October 12th, 2010
give them all you have

maybe if I do stream of consciousness I will get something out here. I always like a kind of writing where one thing leads to another and you never know which direction it is going to head in next.

I’m reading bunch of meta-fiction these days. just finished “Atmospheric Disturbances” by Rivka Galchen, did not love it. bought a copy of “house of leaves” to see what all the fuss is about. don’t know if I will read it cover to cover as I want to sleep at night, but am mining it for ideas.

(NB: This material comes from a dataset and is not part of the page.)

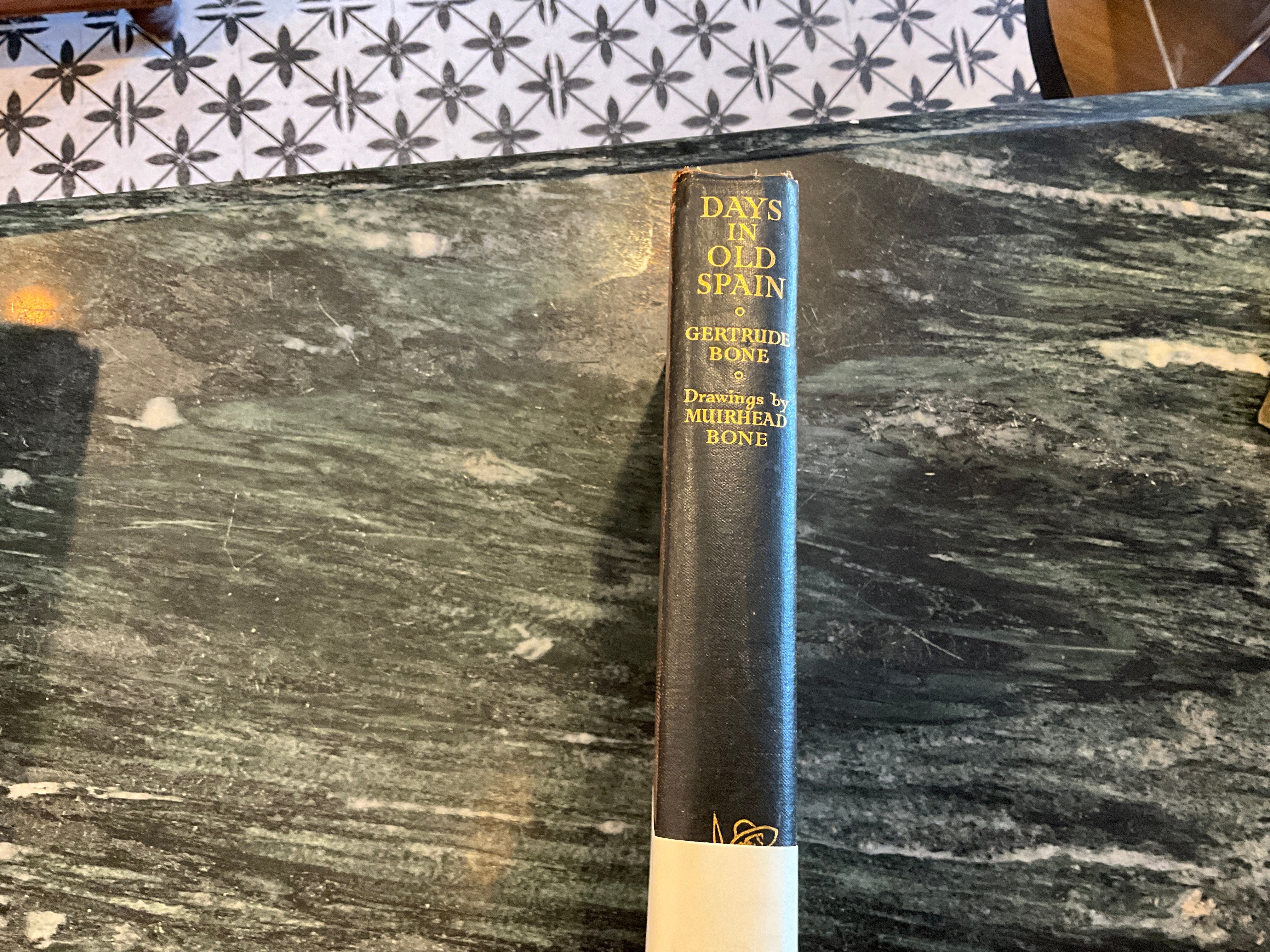 Vintage About Blanks Notebook: Days in Old Spain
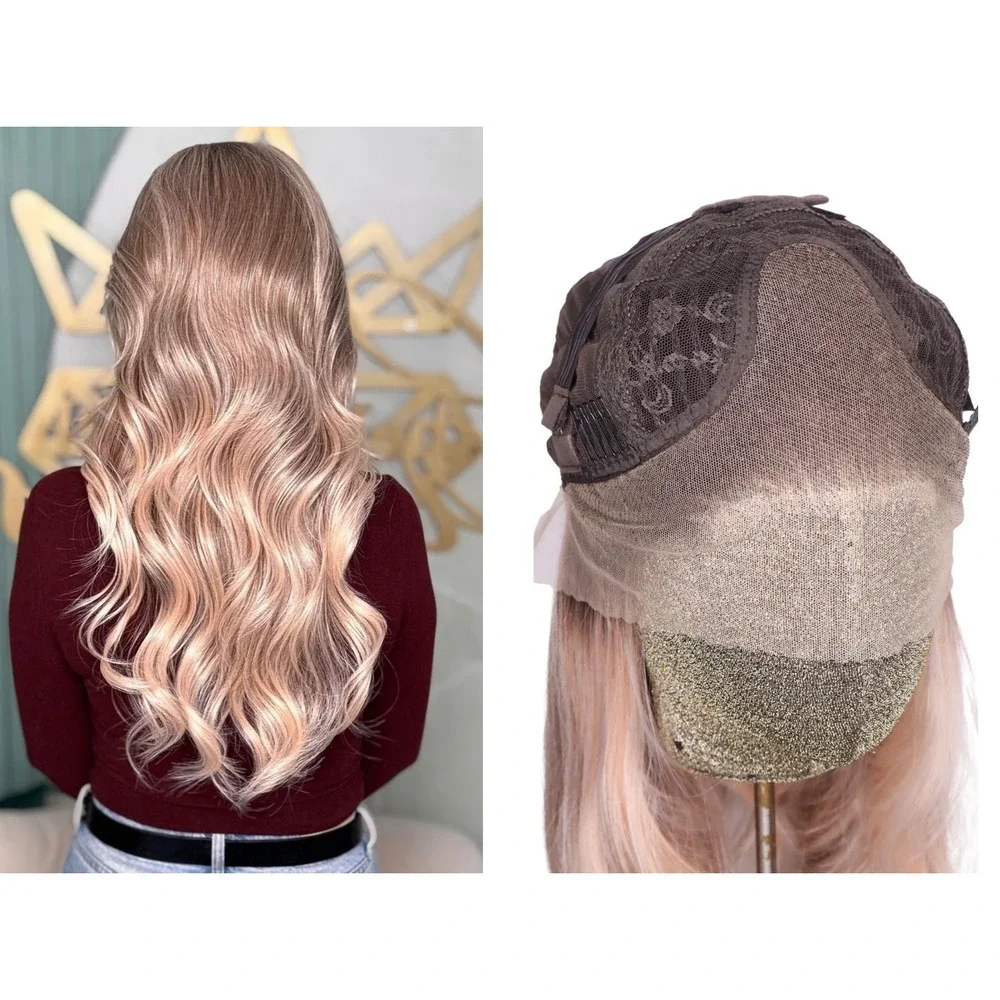 CSC - Aria Scandi Apricot Petite - Chelsey Smith Crowns Pink Blonde NWT New Wig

I very much underestimated the amount of work teaching was going to be. While I am enjoying it immensely, mostly because my students are really great and talented, I find myself spending most of my week preparing for the class. Which would be fine except that I am raising an amazingly bright and energetic two and a half year old (which is the greatest age ever by the way), and writing a new book. how does it all get done, one asks oneself, on a daily basis. one moment at a time.

deep breath.

I have been doing meditation sessions on a nightly basis. it is helping me to feel much more grounded, though I do not know exactly why. must be the intention to pay some much needed attention to the self. yes. that is it.

deep breath.

watched “Milton Glaser: To Inform and Delight”. He is just an interesting human. The film is not quite as good as the short adobe documentary, feels a bit “forced”. which is good for you because the short one is free and found on his site. and while you’re there go read his “10 Things I’ve Learned”. It’s very good.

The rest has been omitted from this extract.